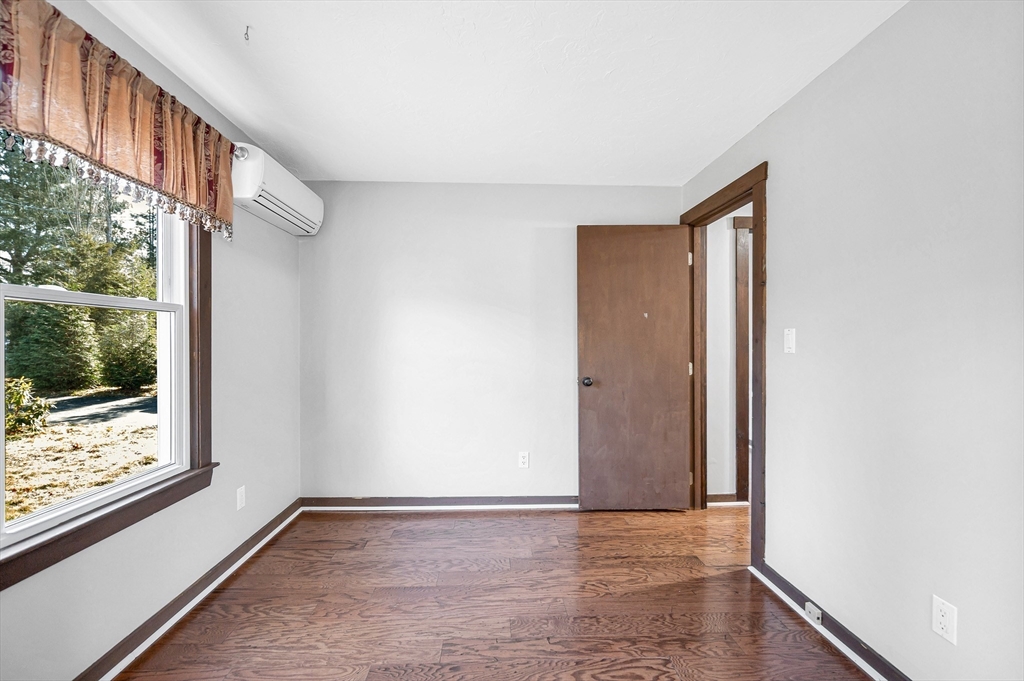 163 Water Street Framingham, MA 01701 - Photo 16 of 37 a view of an empty room with wooden floor and windows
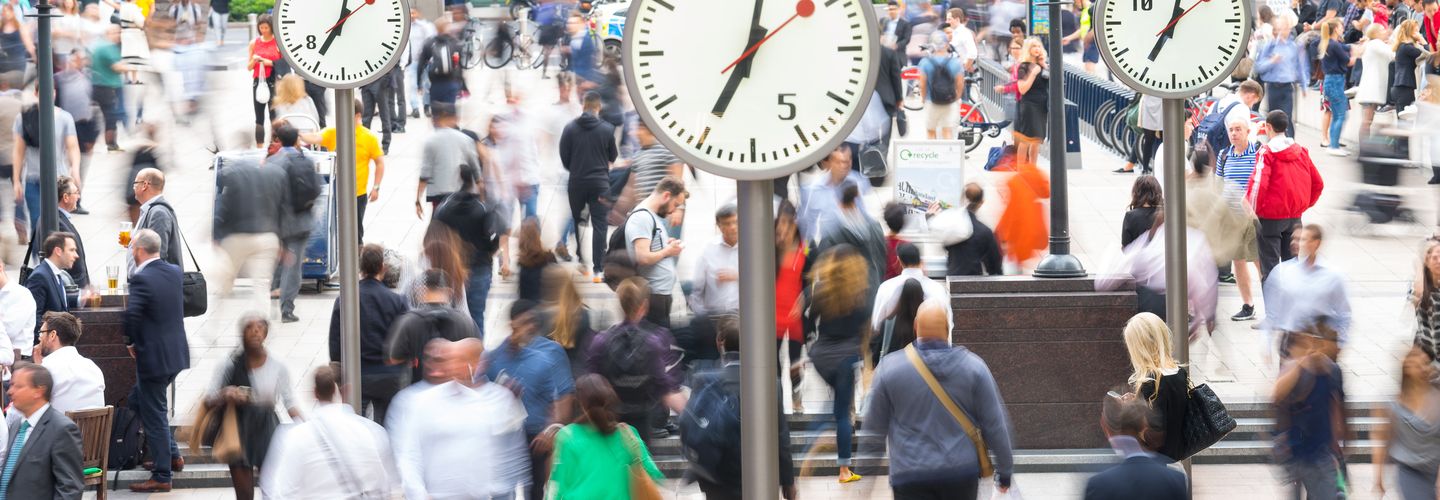 People walking through busy London streets.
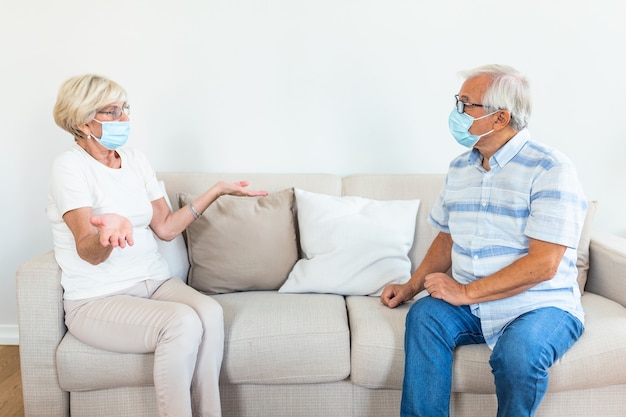 Two Elderly friends sitting in social distance wearing protective mask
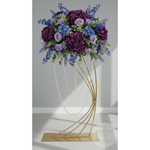 Load image into Gallery viewer, Bouquet of purple and blue flowers on a gold stand against a gray background
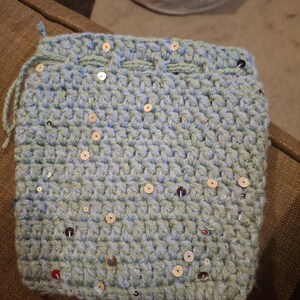 May include: A crocheted drawstring bag in a soft, light blue color, adorned with scattered silver sequins. The bag is handmade with a textured stitch, and the drawstring is a matching light blue yarn. The bag is a small size, perfect for carrying small items.
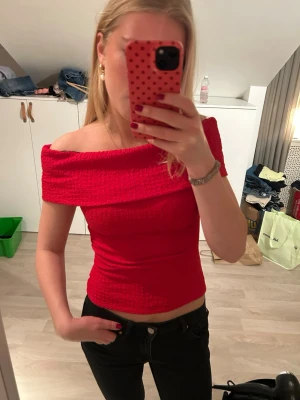 Röd offshoulder topp från H&M - Trendig röd offshoulder topp från H&M i stretchigt, ribbat material. Toppen sitter tight, perfekt för att skapa en snygg siluett. Enkel men ändå iögonfallande design som lyfter vilken outfit som helst. Prislapp kvar!
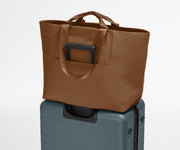Large Featherlight Tote on top of a checked-size Away suitcase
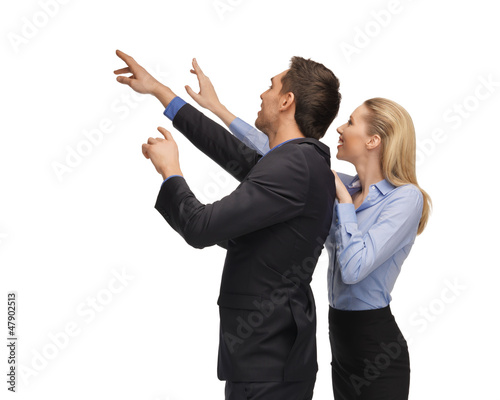 man and woman working with something imaginary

**Exercise directions**
Could the entries above be written out word for word, pictures excluded?

**Solution for this problem**
 163 Water Street Framingham, MA 01701 - Photo 16 of 37 a view of an empty room with wooden floor and windows
 People walking through busy London streets.
 Two Elderly friends sitting in social distance wearing protective mask
 Load image into Gallery viewer, Bouquet of purple and blue flowers on a gold stand against a gray background
 May include: A crocheted drawstring bag in a soft, light blue color, adorned with scattered silver sequins. The bag is handmade with a textured stitch, and the drawstring is a matching light blue yarn. The bag is a small size, perfect for carrying small items.
 Röd offshoulder topp från H&M - Trendig röd offshoulder topp från H&M i stretchigt, ribbat material. Toppen sitter tight, perfekt för att skapa en snygg siluett. Enkel men ändå iögonfallande design som lyfter vilken outfit som helst. Prislapp kvar!
Large Featherlight Tote on top of a checked-size Away suitcase
 man and woman working with something imaginary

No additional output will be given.